I grew up in a Republican household as a proud patriot and a fiscal and social conservative. I am the younger daughter of an Arab immigrant/Navy veteran/doctor father and a Protestant-turned-Catholic/nurse mother who was raised poor in small-town Ohio.
I have voted in every election since I was eighteen, and in 1985 I went off to Boston College as a conservative Republican. Nothing could sway me, even liberal Massachusetts and the university's Jesuit influence. I was rooting for Robert Bork's confirmation in 1987 and was outraged that the left derailed that good and brilliant man. I voted for George Herbert Walker Bush (and had a Bush/Quayle placard on my dorm wall) when he ran against the Massachusetts governor, Michael Dukakis.
I have also always been pro-life. I was raised to believe that abortion is wrong, but the truth of it was hammered home to me while spending a lazy afternoon browsing through my mom's well-stocked bookshelves one day. My 10- or 11-year-old self came across a full-color booklet called "Handbook on Abortion," which included several pages of photos of aborted children from the earliest stages. I was rightly horrified, and concluded then that such an obvious evil should never be legal. (This was in the first few years after
Roe v. Wade sullied our land.)
At Boston College I studied English, but politics and Washington, DC (the city where my own parents met) was calling to me. So, while most of my friends went on study-abroad programs during junior year, I became the first English major at BC to be accepted into the
Washington Semester Program at American University. There were a few concentrations to choose from, and I chose Foreign Policy.

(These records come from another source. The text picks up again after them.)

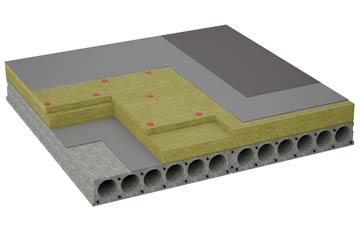 considerations of Hill Wootton flat roofing insulation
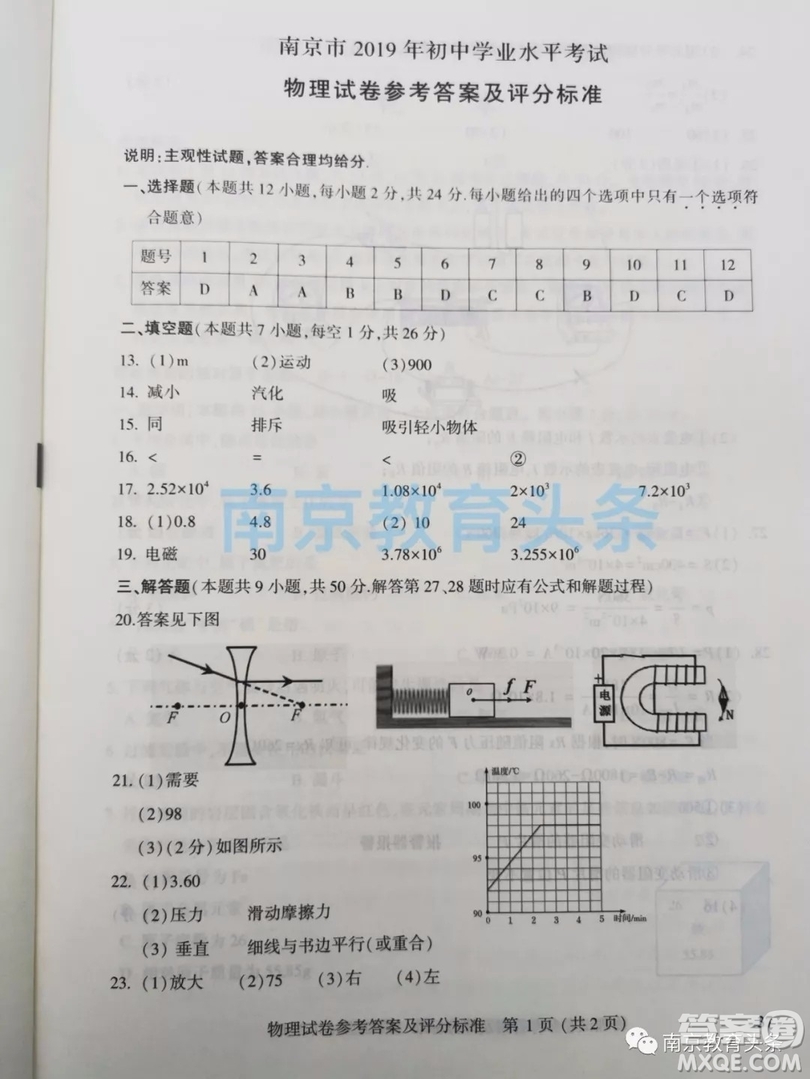 2019年南京市中考真題物理試題及答案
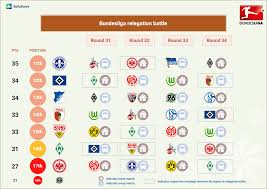 German bundesliga promotion/relegation playoff schedule Sofascore Season Ending Guide Bundesliga Sofascore News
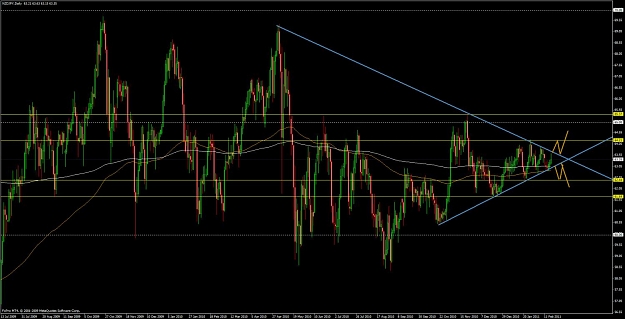 Click to Enlarge

Name: nzdjpy.jpg
Size: 118 KB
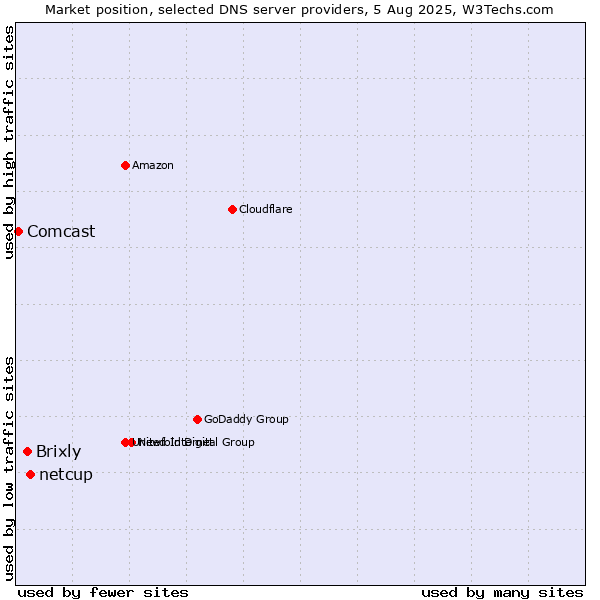 Market position of netcup vs. Brixly vs. Comcast
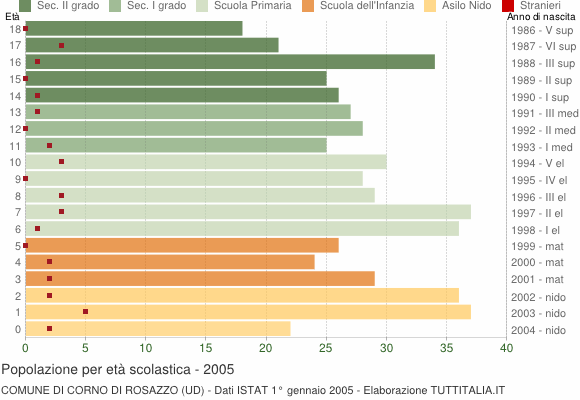 Grafico Popolazione in età scolastica - Corno di Rosazzo 2005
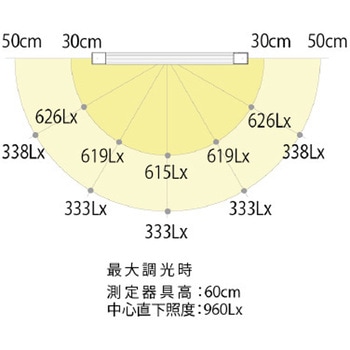 [マグネット式]LED照明灯 エスコ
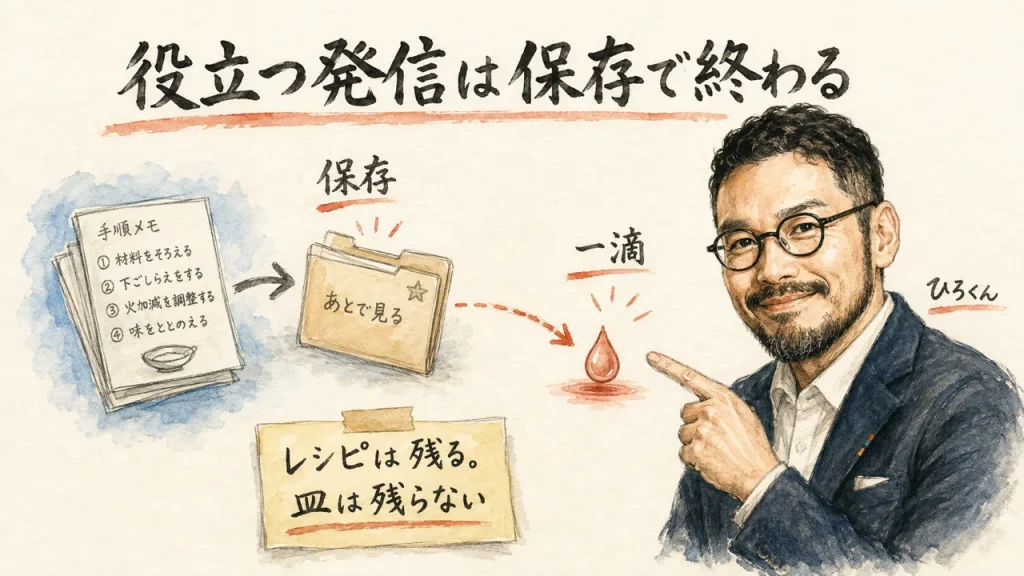 役立つ発信は保存で終わる
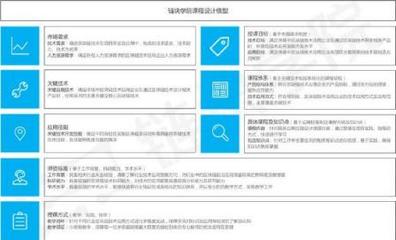 報名區塊鏈技術培訓 盲目跟風還是明智選擇？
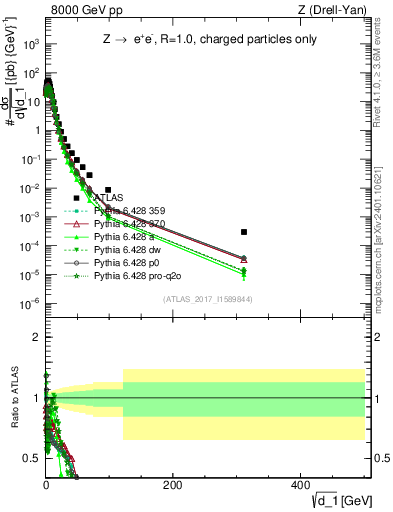 Plot of d1 in 8000 GeV pp collisions
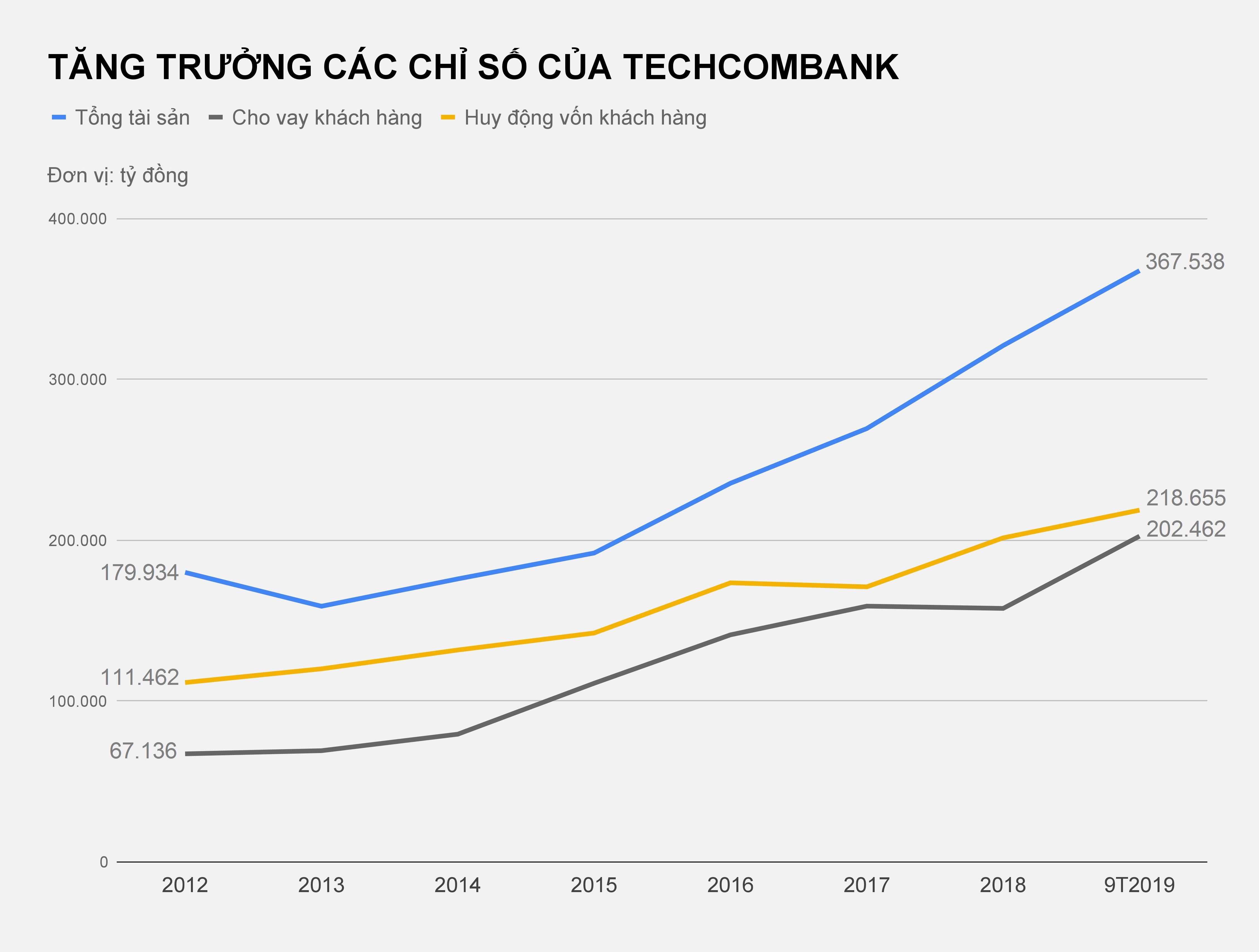 ty phu USD Viet Nam anh 4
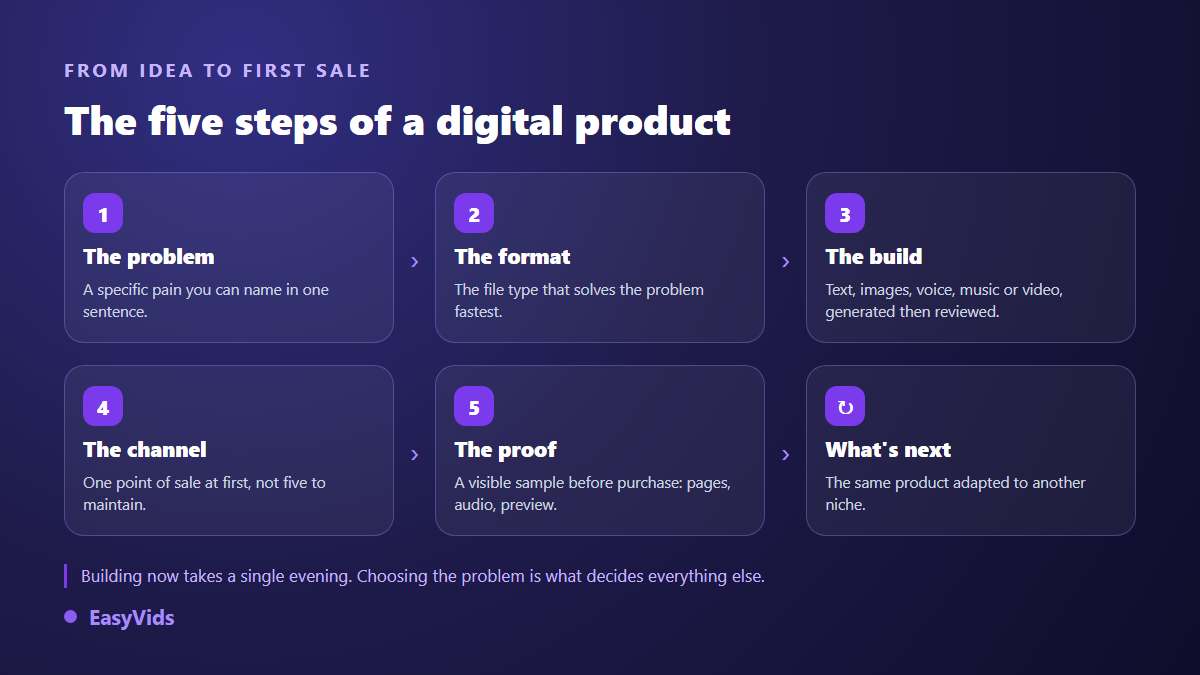 The five steps of a digital product: problem, format, production, sales channel and proof before purchase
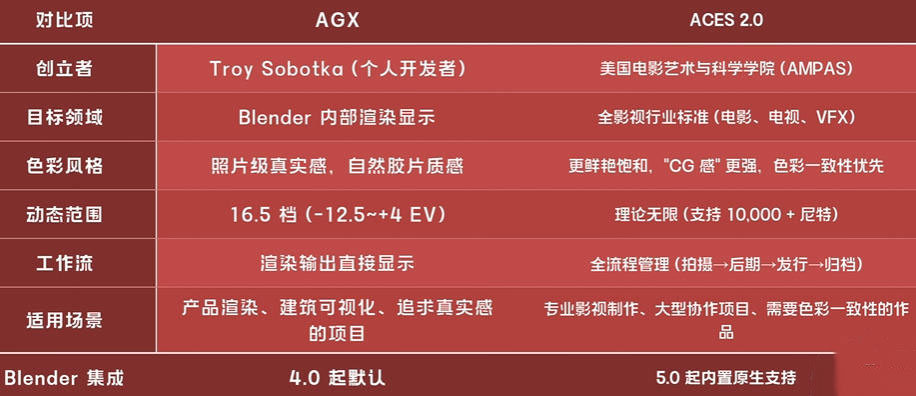 blender下载,blender5.0大版本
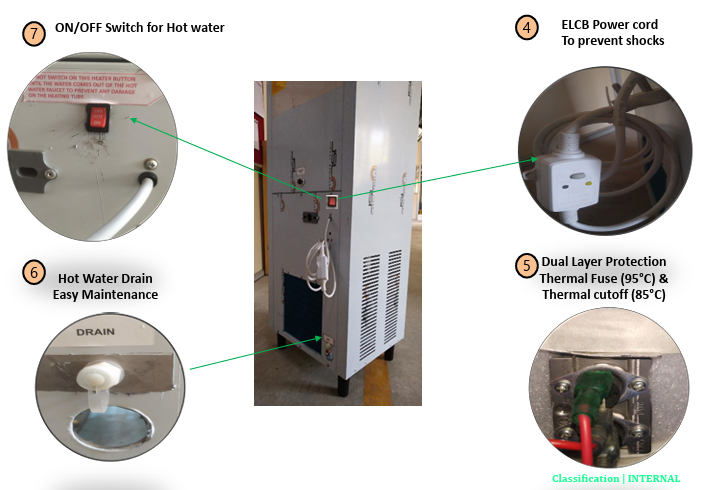 USHA Make Water Cooler - 80 Ltr Storage, 40 Ltr Cooling - 3 TAP 2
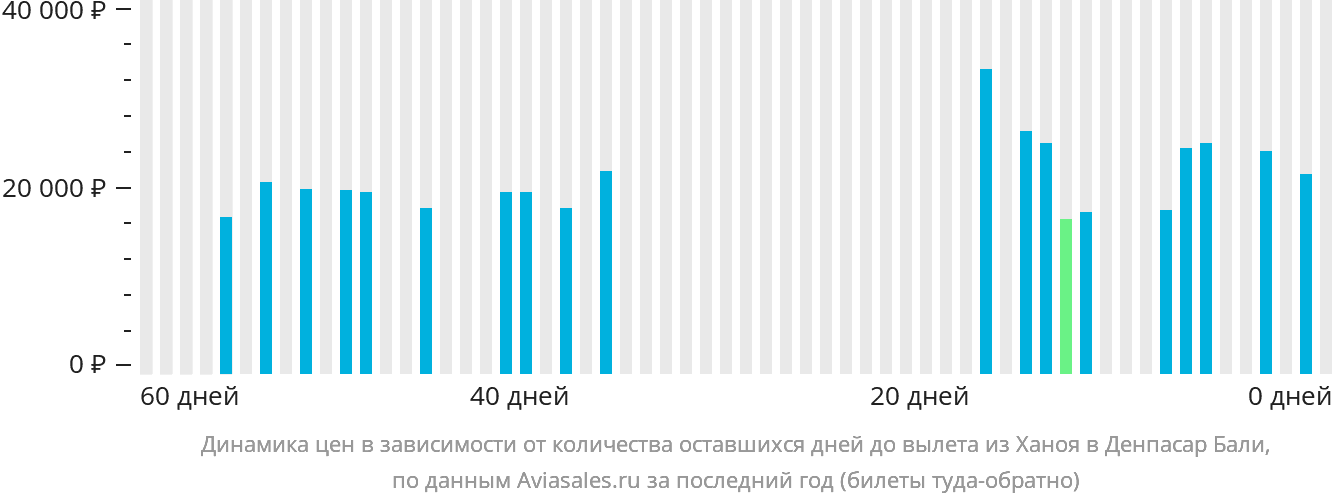 Динамика цен в зависимости от количества оставшихся дней до вылета из Ханоя в Денпасар (Бали)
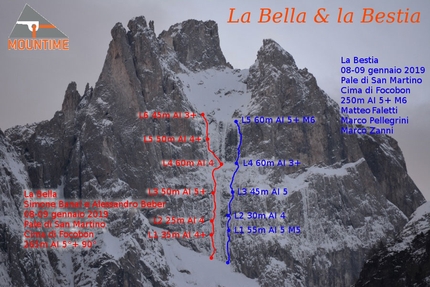 Cima del Focobon, Dolomites, Simone Banal, Alessandro Beber, Matteo Faletti, Marco Pellegrini, Marco Zanni - La Bella e la Bestia, Cima del Focobon, Dolomites (Simone Banal, Alessandro Beber, Matteo Faletti, Marco Pellegrini, Marco Zanni 08-09-/01/2019)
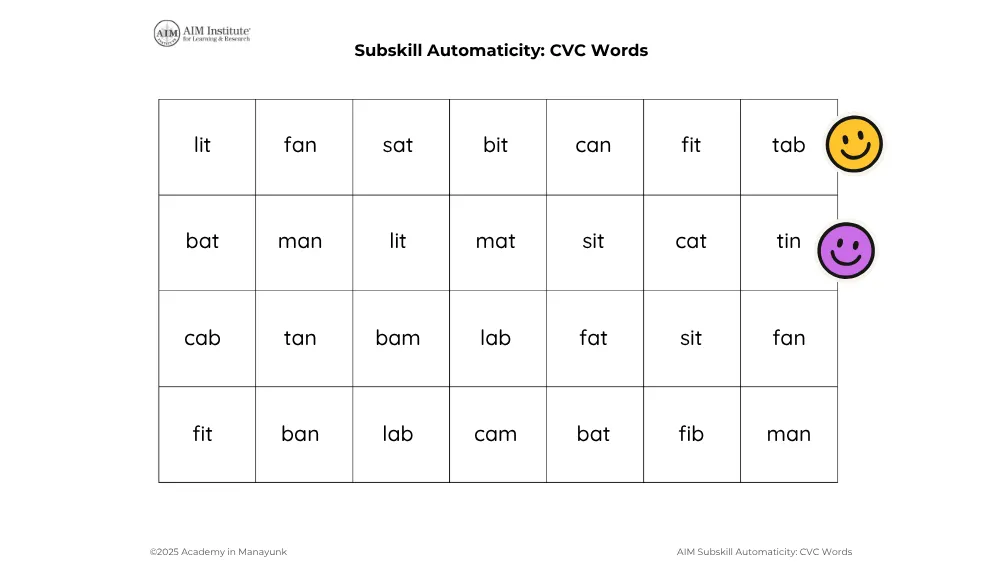 A grid of CVC words, labeled Subskill Automaticity: CVC Words, with smiley face stickers on the right of the top 2 columns.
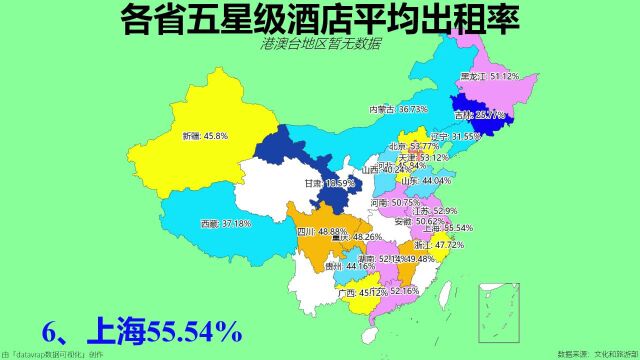 各省五星级酒店平均出租率【数据可视化】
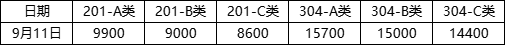 管.png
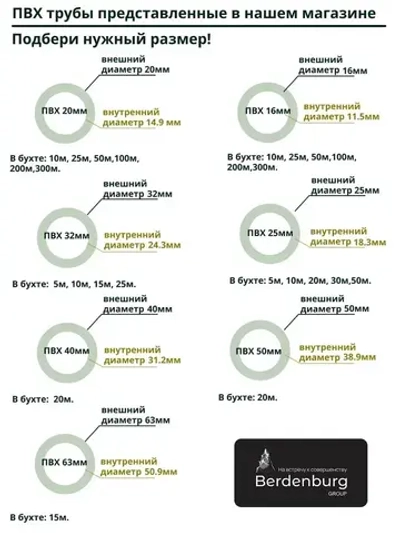 Труба гофрированная ПВХ 20 мм гибкая легкая с зондом серый 50 метров с протяжкой для прокладки кабеля и электропроводки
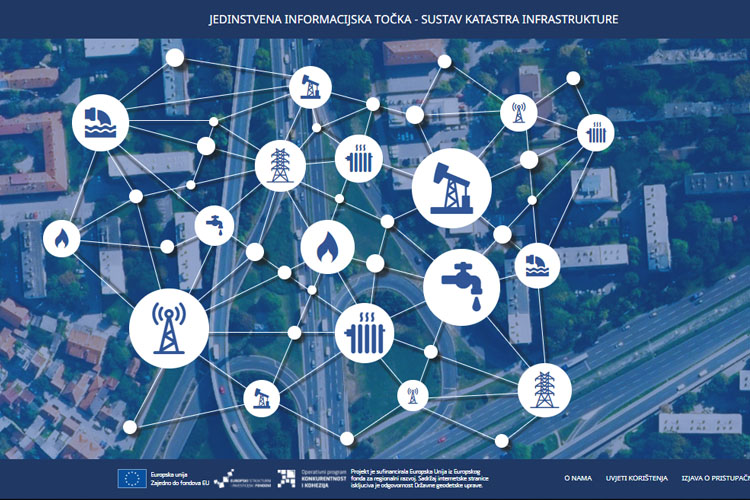 Slika /slike/Istaknute teme/SKI_naslovnica.jpg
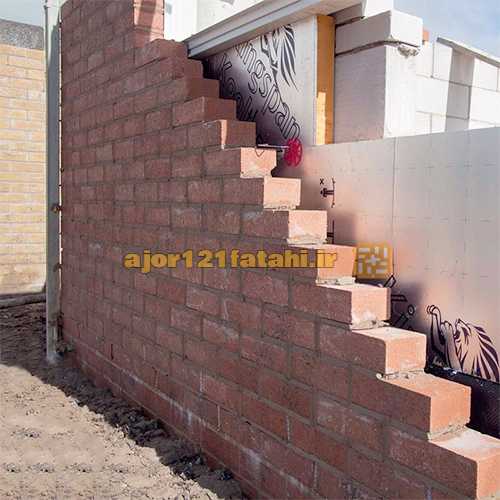 اصول تیغه چینی ساختمان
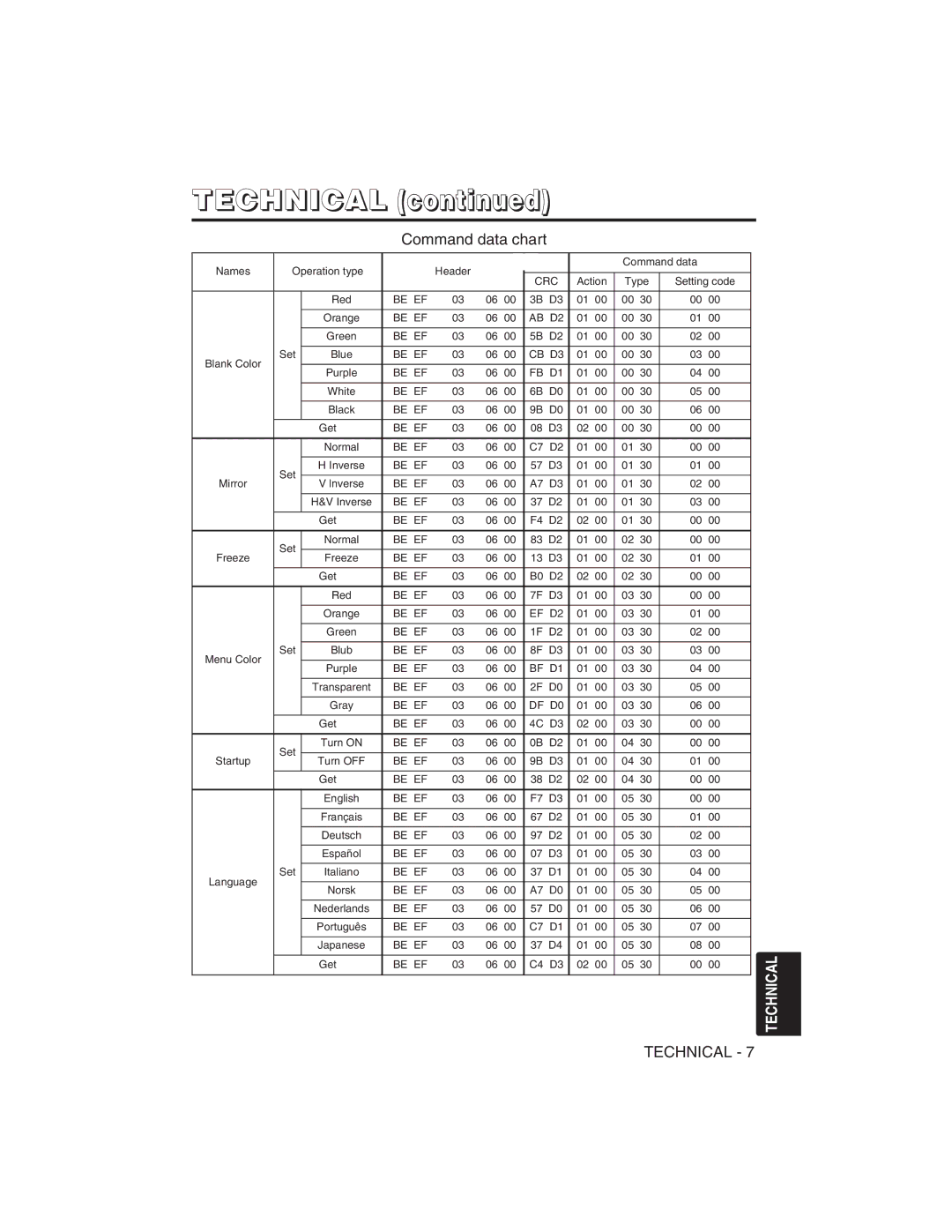 Dukane 28A8751 user manual Crc 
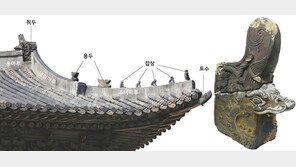 태안 갯벌서 조선 왕실 대형 용머리 장식기와 나왔다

A big part of the program was completing an internship. I had an interest in journalism, so I interviewed and got the job at a now-defunct national TV news station, Independent News Network (INN). I helped to edit news stories and raw feed, and I occasionally went on assignments, sometimes with a camera crew, but always with my trusty notebook and pen (there were no Smart phones or tablets then).
Some of the highlights for a 20-year-old girl: I sat in on the Oliver North trial, I covered press conferences for Dick Gephardt and Al Gore (it was 1988, a presidential election year, and they were running -- and dropping out), I said hello to Vice President George H.W. Bush in the lobby of INN offices (he would go on to win the presidency that year), and I ran into Senator Teddy Kennedy on the sidewalk near the Capitol (he gave me the creeps).
I understood clearly that I and another intern were the only conservatives in the newsroom. I'm pretty sure I kept that on the down-low, but my memory is hazy. I do remember that my boss and the lead male reporter both hit on me, subtly and overtly, but I just chalked it up to "dirty old men" and didn't give it much of a thought. In fact, I probably haven't thought about it in a quarter century.
It was fun taking a camera crew into the White House Press Room and then heading out to the South Lawn of the White House for the annual Easter Egg Roll, where President Reagan gave a speech to the egg-gatherers for the last time in his presidency. Emmanuel Lewis was the celebrity entertainment that day.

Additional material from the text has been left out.